The 41-year-old Escobar, the head of the murderous Medellin drug cartel, had been in hiding for several years but gave up after the government promised leniency for his drug-related crimes and an elected assembly rewrote Colombia's constitution to outlaw the extradition of Colombians to stand trial abroad.The threat of extradition to the United States for drug crimes has been the most potent weapon in the hands of Colombian officials. Enormously wealthy and powerful drug barons - who have intimidated or bribed many government officials and killed dozens of judges - have little to fear from Colombia's laws.

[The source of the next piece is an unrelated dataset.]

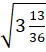 0401thxs-b5c0-46x52.png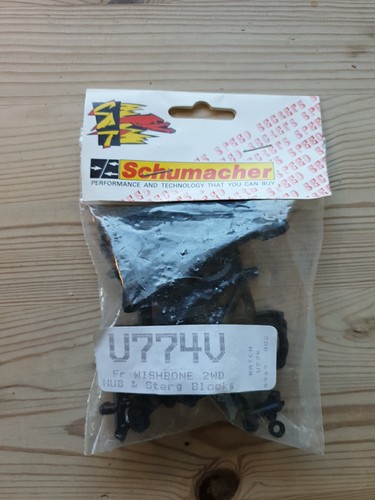 Cuscinetto Standard Schermato 2 Lati In Metallo Per Rasaerba Interno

Incredible as it may seem, until the leniency program offered by Colombia in recent weeks, no major Colombian drug trafficker had been successfully convicted and served prison time in that country. But 49 of them have been extradited to the United States and are serving lengthy prison terms, in some cases, life sentences.
In an effort to get rid of the extradition law, drug cartels - calling themselves "The Extraditables" - launched a murderous war against the Colombian government two years ago, engaging in bombings and assassinations that demoralized much of the country.
Even the elected assembly that wiped out the extradition law was subject to threats. In April, pro-extradition delegates got copies of a letter listing the many officials who had been murdered for favoring the practice. The letters said, "You have joined our list of honor."
Escobar, who faced eight indictments in the United States, has crushed anyone who got in his way. He was wanted in Colombia for the assassinations of a justice minister, an attorney general, a newspaper publisher, and three presidential candidates. Those are just some of his better-known slayings.
The drug cartel is blamed in the blowing up of a domestic jetliner, killing 107 people, and in the murder of 300 Medellin police last year, an incredible 10 percent of the city's police force.
Yet this is someone to whom the Colombian government is offering leniency. The coddling of Escobar does not indicate any desire to vigorously prosecute and punish a murderous thug.
Pending trial, Escobar has been sent to a luxurious, specially constructed ranch style "jail" in his hometown. It features roomy "cells," private baths, gardens, a soccer field and many other amenities. Escobar also demanded - and got - a guarantee that security around the prison would be provided by the army, rather than anti-drug police.
Apparently this would make it easier for billionaire Escobar to run his drug empire from within the jail. Three of Escobar's associates, who surrendered under the leniency program several months ago, have continued to supervise drug operations from behind bars without any problem. Inside his loosely guarded country club jail, Escobar is not likely to have any difficulty, either. Small wonder that he and others in the drug cartel have been so willing to surrender.
No matter how good a face Colombian officials try to put on their actions, this is a sad time. The leniency program and the outlawing of extradition amount to a shameful abdication to wealthy criminal forces.